JPH0670789A - Production of glyceroglycolipid - Google Patents

Abstract

PURPOSE:To easily obtain a glyceroglycolipid useful for low-caloric food, etc., by carrying out the condensation and transfer reaction of a fatty acid monoglyceride with a monosaccharide, polysaccharide or its derivative, etc., in a mixture of an organic solvent and an aqueous medium in the presence of a sugar hydrolyzing enzyme. CONSTITUTION:A fatty acid monoglyceride (e.g. monocapryl glycerol) and a monosaccharide (e.g. glucose) or di- or polysaccharide (e.g. lactose) or their derivatives are subjected to condensation and transfer reaction in a mixed solvent capable of dissolving the above compounds and consisting of an organic solvent (e.g. acetone) and an aqueous medium (e.g. buffering solution) in the presence of a sugar hydrolyzing enzyme originated from Escherichia coli (e.g. beta-galactosidase) at 20 deg.C for 48hr. The organic solvent is distilled out, the transfer reaction product is extracted with ethyl acetate, etc., and the obtained solid component is purified by a droplet counter-current partition chromatography to obtain the objective glyceroglycolipid useful as a raw material for low-caloric food, an emulsifier, a detergent, a humectant, a cosmetic base, etc.

Description

Detailed Description of the Invention

[0001]

BACKGROUND OF THE INVENTION 1. Field of the Invention The present invention relates to a process for producing glyceroglycolipids useful as low calorie food materials, emulsifiers, detergents, moisturizers, cosmetic bases and the like.

[0002]

2. Description of the Related Art In recent years, researches have been actively conducted to enzymatically modify fats and oils to develop materials having new functions. Among them, many methods for modifying phospholipids with enzymes have been proposed, and some of them have been put into practical use. Even though glyceroglycolipid has the potential as a new material, it is presently present only in trace amounts in plants and has not been used so far.

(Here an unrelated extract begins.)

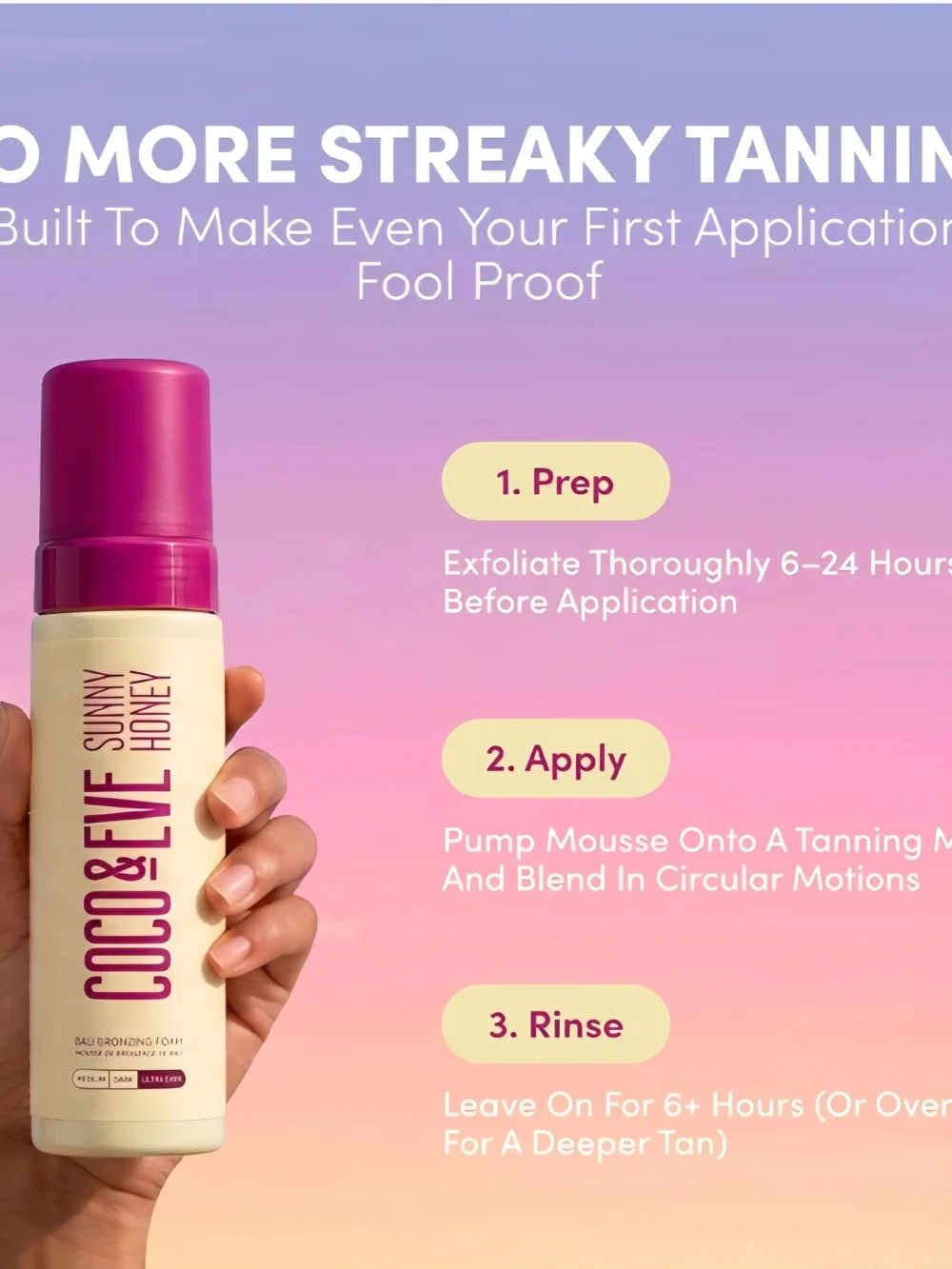 New Coco & Eve Sunny Honey Bali Bronzing Foam Self Tanner - Medium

Since glyceroglycolipid is a nonionic substance containing sugar as a hydrophilic group, it is less irritating to the skin when used as a detergent or cosmetic base, and p
There is little influence of H on the solubility. In addition, the high calorie content of fats and oils is currently a problem, and is expected as a low calorie food material. Further, in recent years, natural materials with excellent safety and biodegradability have been attracting attention from the standpoint of protecting the global environment.Glyceroglycolipids are natural surface-active substances contained in plants, and thus have high safety and biodegradability. Considered to be excellent.

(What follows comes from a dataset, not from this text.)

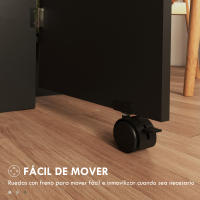 HOMCOM Mesa Plegable de Comedor Mesa de Cocina Plegable con Ruedas Alas Abatibles y Estantes Mesa Plegable para 4-6 Personas 75x140x74 cm Natural y Negro - details 5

Conventionally, as a method for producing glyceroglycolipid, an extraction method from a plant (Japanese Patent Laid-Open No. 178596/1987) has been used.
No.), a chemical synthesis method (JP-A-4-103594), an enzymatic synthesis method (European Patent No. 268461), etc., but all of them involve complicated steps, and particularly in the latter both synthesis methods, sugar and alcohol are used. It requires two or more steps of reacting and then reacting this with a fatty acid to synthesize,
Moreover, none of these are satisfactory in terms of productivity such as low yield, and an easy industrial production method of glyceroglycolipid has been desired.

[0005]

SUMMARY OF THE INVENTION It is an object of the present invention to provide a method capable of easily producing glyceroglycolipid in one step.

[0006]

Means for Solving the Problems As a result of intensive studies to achieve the above-mentioned objects, the present inventors have found that a fatty acid monoglyceride and a saccharide or a derivative thereof are dissolved in an organic solvent and an aqueous medium. We obtained the finding that glyceroglycolipids can be easily produced industrially by conducting a condensation / transfer reaction in the presence of a sugar hydrolase in a mixed solvent of 1), which enables high-yield synthesis in a one-step process. The present invention has been completed.

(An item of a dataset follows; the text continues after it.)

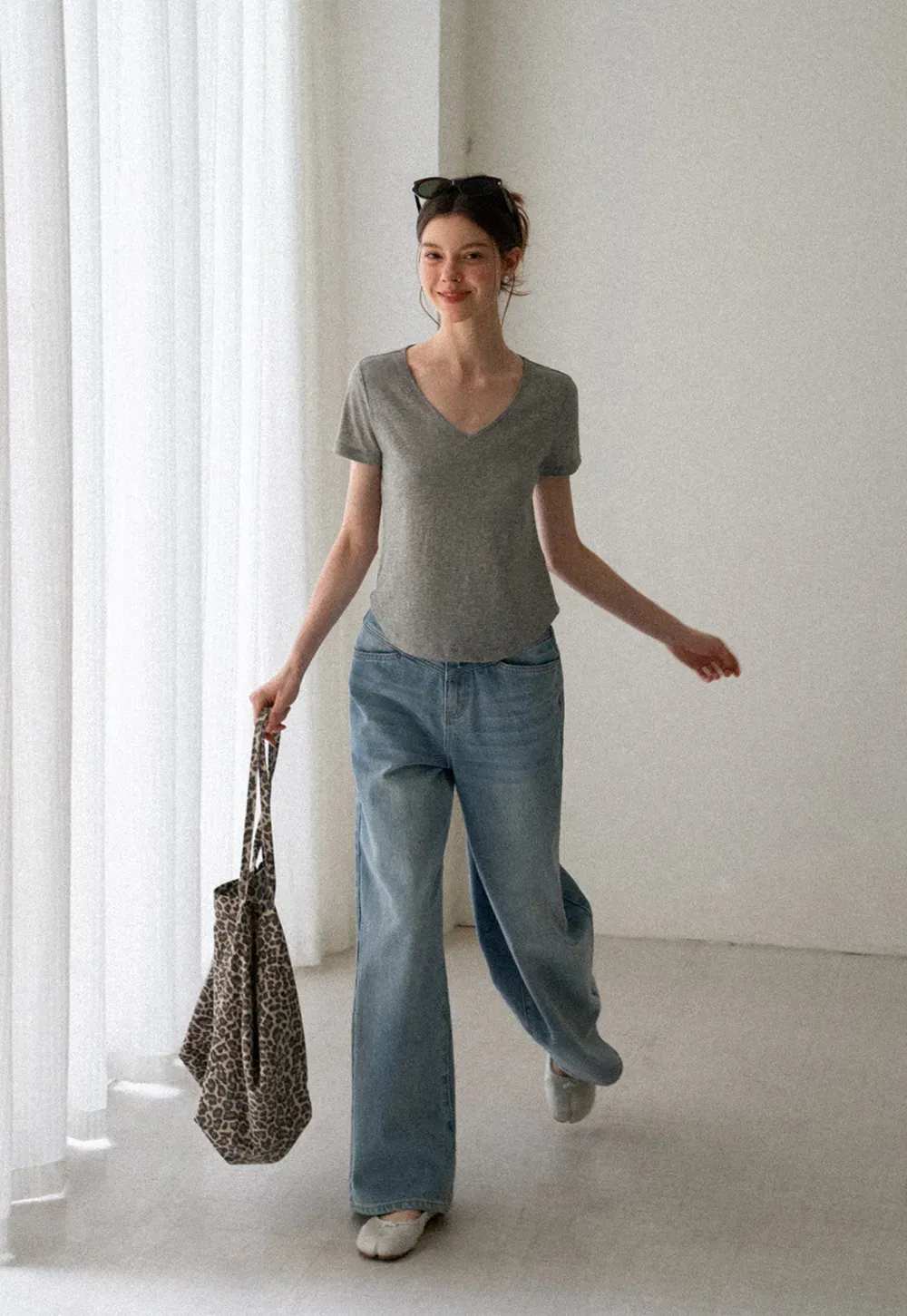 Lace Trim Drawstring Neckline Short Sleeve T Shirt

That is, in the method for producing a glyceroglycolipid of the present invention, a fatty acid monoglyceride and a monosaccharide or a disaccharide or higher saccharide or a derivative thereof are dissolved,
It is characterized in that the condensation / transfer reaction is carried out in the presence of a sugar hydrolase in a mixed solvent of an organic solvent and an aqueous medium. Hereinafter, the method of the present invention will be described in detail.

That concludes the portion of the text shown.